Goradas as hipóteses de receber estranhos na minha casa de família para lhes servir refeições que de modo algum saberia confecionar (não sabia cozinhar aos sete anos, o método de educação Montessori ainda não estava na moda), tive de mudar de estratégia para satisfazer a minha atração pela hotelaria. Assim, quando ia gente jantar lá a casa, apresentava no fim da refeição uma “conta”, feita numa tabela do Microsoft Excel, em que se discriminava tudo o que os comensais tinham consumido, apresentando um total a pagar. Lamentavelmente, o valor nunca me era entregue e, eventualmente, tive de parar com a brincadeira quando a gerência familiar me repreendeu pelos excessivos gastos com papel e tinteiros. Ah, a juventude e o economato! Sem darmos conta, já não temos nenhum de sobra.
Crescendo, continuei a gizar inexequíveis planos de “conceitos”, cadeias de fast food, roulotes e outras plataformas de comercialização de comes e bebes. Nunca me cheguei à frente. A série The Bear, da FX e disponível no Disney +, dá razão à minha timidez. O enredo gira em torno de uma jovem-promessa da alta cozinha que assume a gerência de um humilde snack-bar que pertencia ao seu recém-falecido irmão. O chef-despromovido-a-ó-chefe, Carmy Berzatto, é muito bem interpretado por Jeremy Allen White (Shameless), um homem que combina os beauty standards de Hollywood com a aparência de quem costuma estar a cargo da grelha de bifanas de um consórcio familiar de economia paralela nos Santos Populares.
A série é frenética e obcecada com a tensão, os egos, a precariedade e — lá está — a má ideia que é abrir um restaurante.
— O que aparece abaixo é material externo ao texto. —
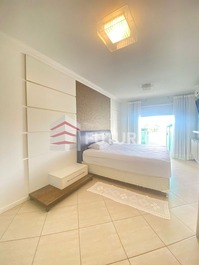 CASA COM PISCINA ALUGUEL DE TEMPORADA- MARISCAL- BOMBINHAS/SC (LC105F)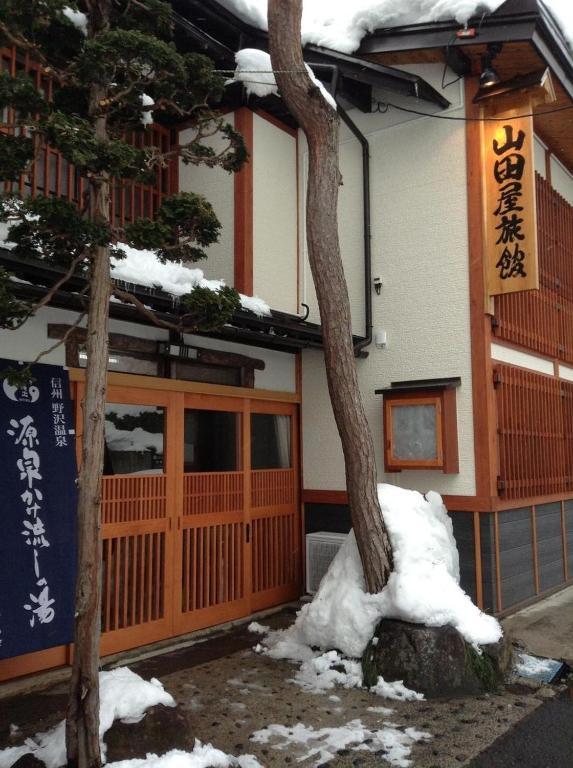 Yamadaya Ryokan Нодзава Онсен Екстериор снимка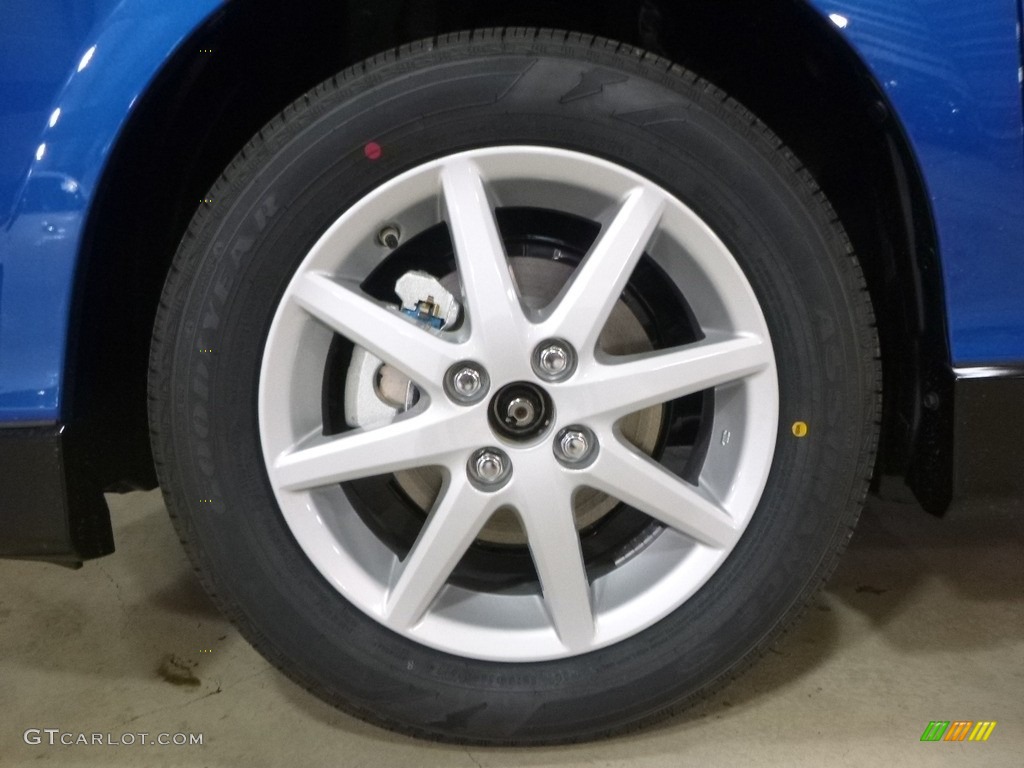 2017 Toyota Prius c One Wheel Photo #120204644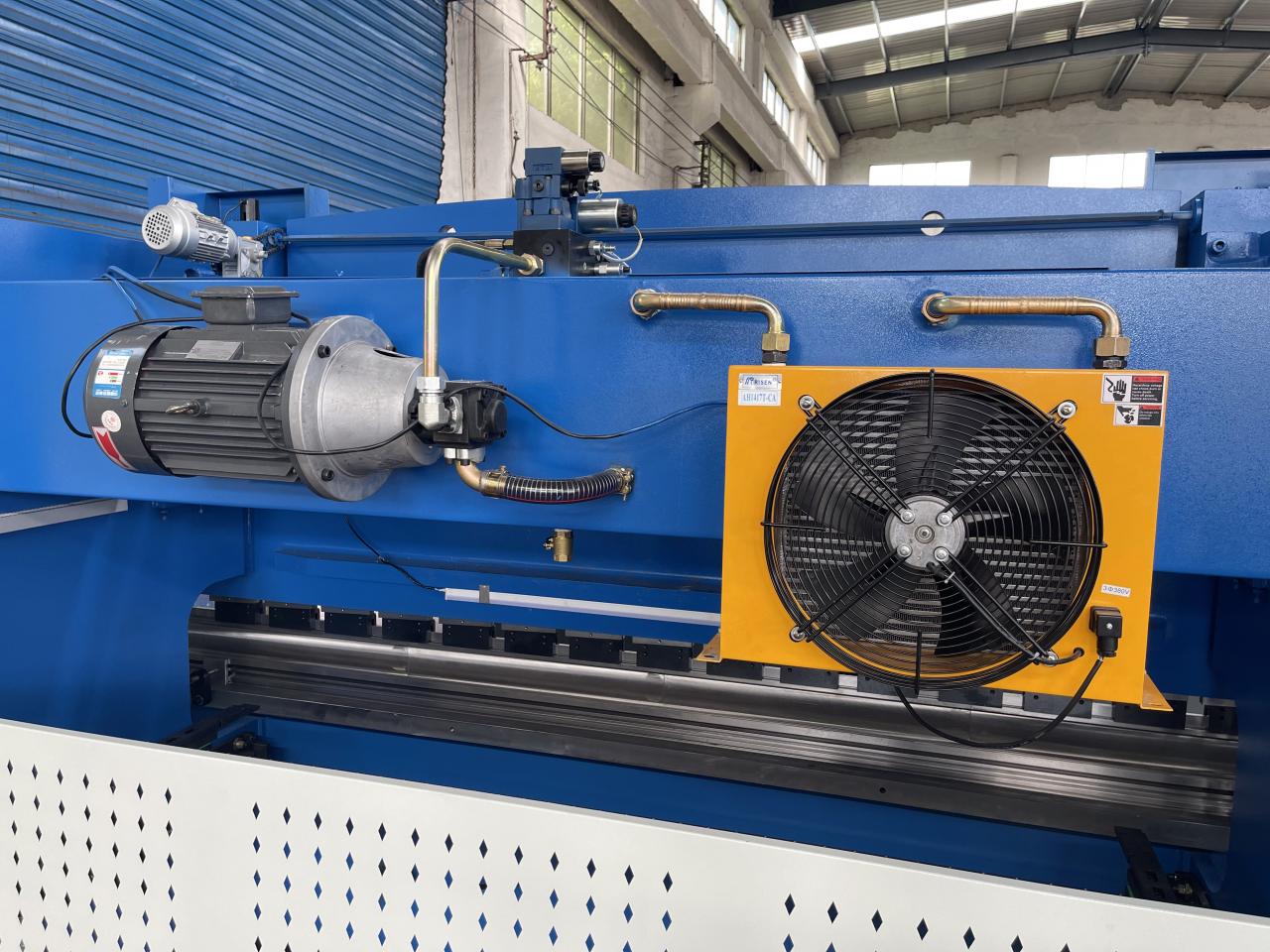 Wc67k-400T Cnc Plc Manual Sheet Bending Machine Hydraulic Nc Press Brake Machine Wc67k-400T Cnc Plc آلة ثني الألواح اليدوية الهيدروليكية Nc الصحافة آلة الفرامل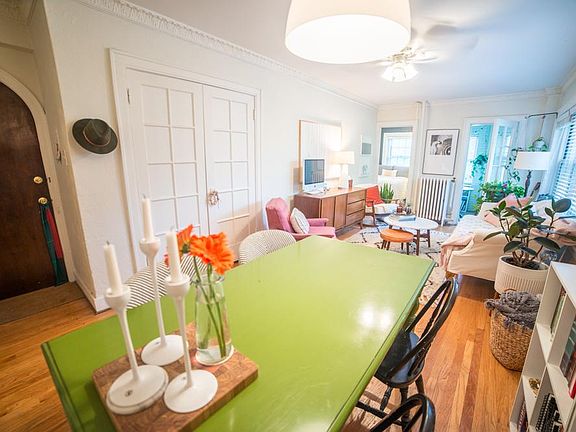 3rd image of 4746 Roanoke Pkwy APT 301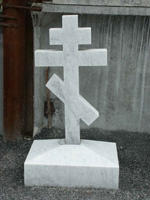 крест мраморный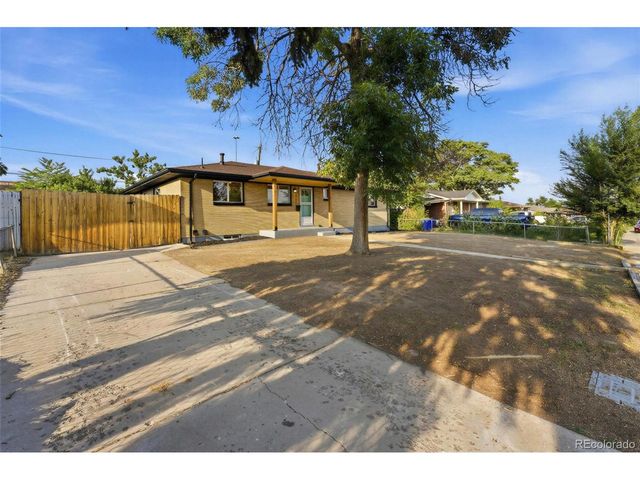 2725 Skyline Dr, Westminster, CO 80030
A comida tem pouca centralidade e o realizador não tem qualquer intenção de filmá-la para gerar água na boca como no Chef’s Table, com pena minha porque a sandes de carne assada do The Original Beef of Chicagoland tem efetivamente óptimo aspecto. A falta de destaque do pitéu não será inocente: a série valida a ideia de que abrir um restaurante não é para quem gosta de comer, mas sim para quem não se consegue libertar do fardo de cozinhá-la. Da próxima vez que um amigo próximo vos venha com a conversa “o que era giro era abrirmos um restaurante”, recomendem-lhe The Bear. O Disney+ não é barato, mas em comparação parece-me um investimento mais seguro.